◆ Task prompt:
Once "Mega Man 11 (PS4) | PlayStation 4" turns up in a line below, reproduce that line and those after it exactly, stopping after the line with "2022 Toyota RAV4 GXL"; leave pictures out.

◆ Supplied records:
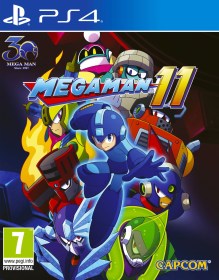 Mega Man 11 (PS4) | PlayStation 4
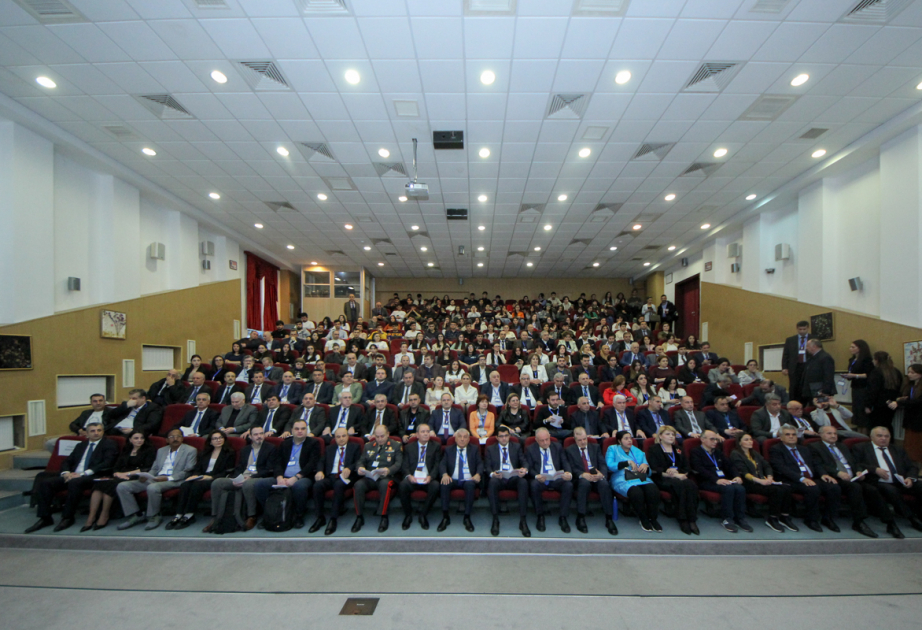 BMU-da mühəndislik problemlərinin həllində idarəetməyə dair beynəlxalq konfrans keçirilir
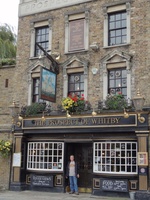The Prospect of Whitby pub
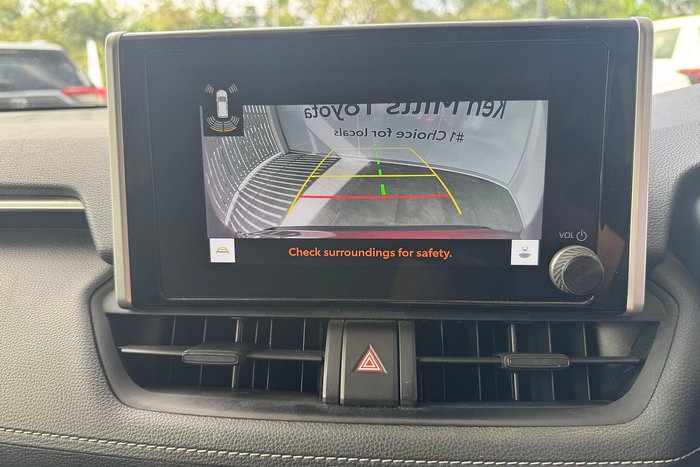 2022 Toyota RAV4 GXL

...

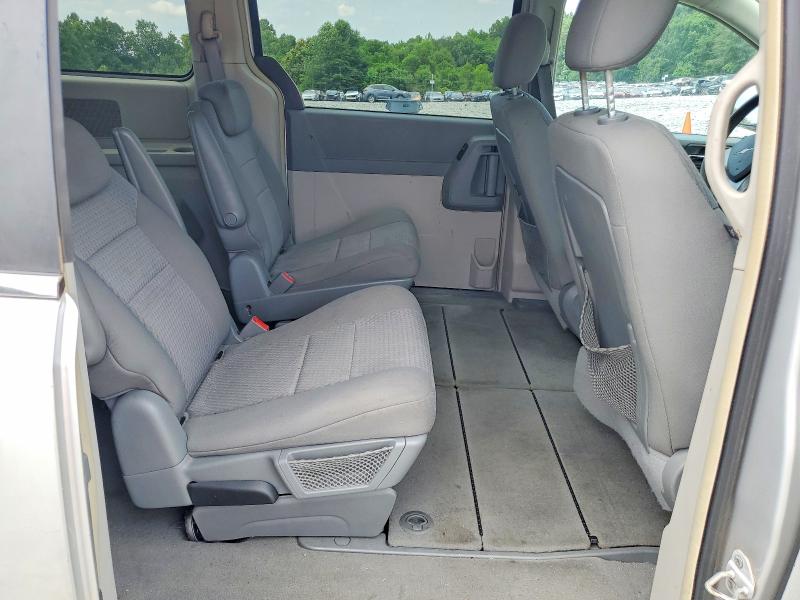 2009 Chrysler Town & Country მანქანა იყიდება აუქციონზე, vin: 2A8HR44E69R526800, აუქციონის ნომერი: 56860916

◆ Exercise solution:
 Mega Man 11 (PS4) | PlayStation 4
 BMU-da mühəndislik problemlərinin həllində idarəetməyə dair beynəlxalq konfrans keçirilir
The Prospect of Whitby pub
 2022 Toyota RAV4 GXL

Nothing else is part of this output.